Le président : Taisez-vous.
HA : Le lieutenant Charbonnier.
Le président : Taisez-vous.
HA : Tevis.
Le président : Gardes ! »
Le président fait évacuer la salle. Alleg et Akkache, considérés comme les plus violents des accusés, sont expulsés, menottes aux poignets.
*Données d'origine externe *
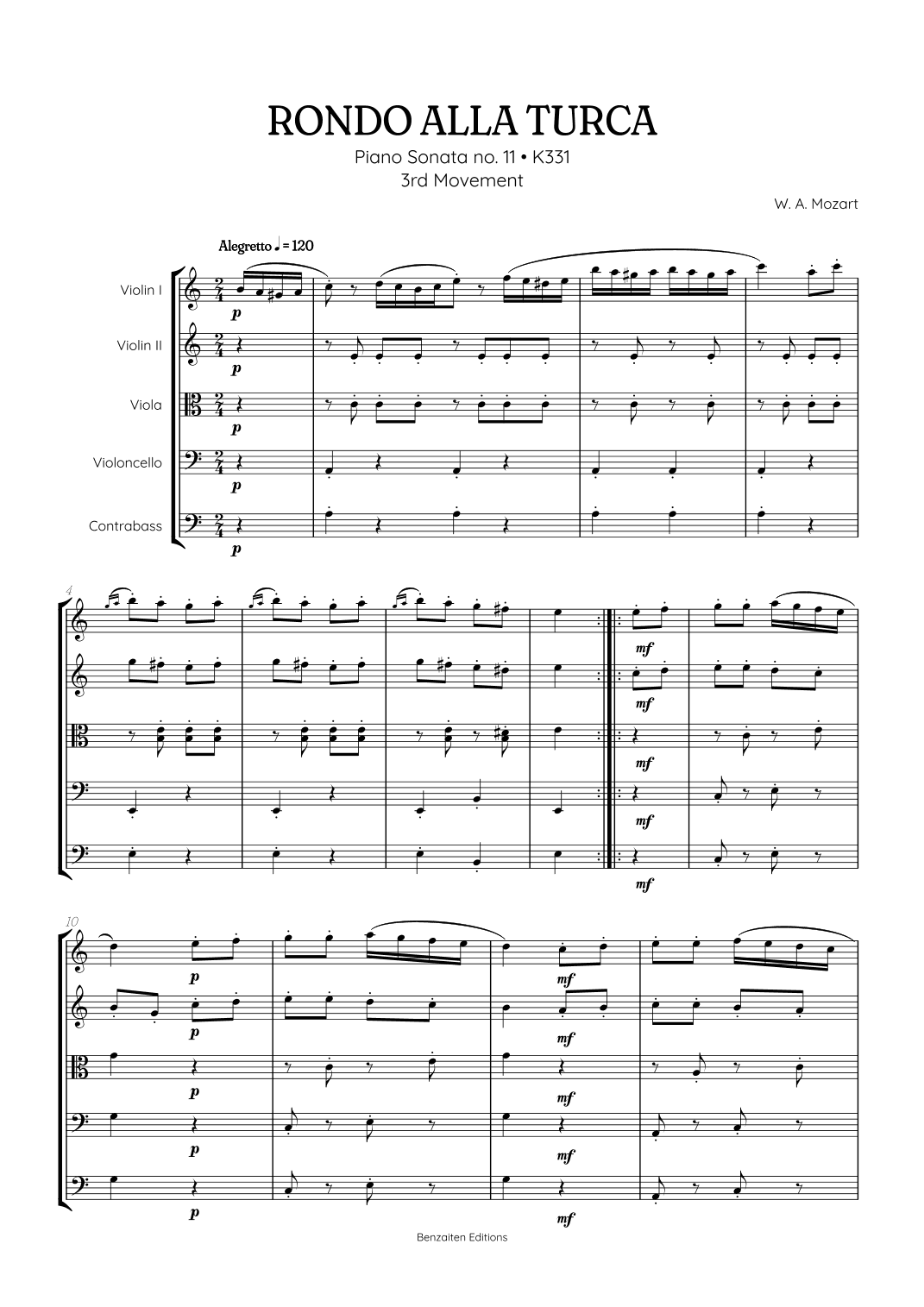 Rondo Alla Turca (Turkish March) |  String Quintet sheet music (arr. Benzaiten Editions)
Josette Audin réussit à placer deux phrases : « Appelez donc Maurice Audin pour qu’il s’explique aussi. Je demande à être entendue. » Mais sa demande n’est pas retenue. Elle fait alors à la presse une déclaration : « J’étais venue ici comme le code m’y autorise, assistée de mon avocat, Me William Thorp, pour exposer les raisons de l’absence de mon mari, Maurice Audin, cité par contumace. Le président ayant refusé à mon avocat de m’assister et ayant rejeté son droit à la défense, j’ai décidé de quitter l’audience en signe de protestation indignée. Privée de ce concours, je me réserve de me pourvoir en cassation contre le jugement à intervenir. J’aurais dit ici les raisons de l’absence de mon mari et qui devaient amener à l’extinction de l’action publique. Mon mari est mort étranglé par le lieutenant Charbonnier, qui l’interrogeait, et après qu’il eût refusé de parler, malgré les affreuses tortures qu’on lui faisait subir. » À la suite de ces incidents graves, les accusés refusent de s’exprimer devant le tribunal [18]. Le 15 juin, après donc seulement deux jours de procès, Ahmed Akkache et André Moine sont condamnés à vingt ans de réclusion criminelle, Paul Caballero et Georges Catogni à quinze ans, Henri Alleg à dix ans, Christian Buono à cinq ans, les autres écopant de peines moins lourdes. « Comme on nous faisait évacuer de nouveau, les communistes algériens se levèrent spontanément et crièrent tous ensemble : “Vive l’indépendance nationale de l’Algérie !” » (Madeleine Riffaud).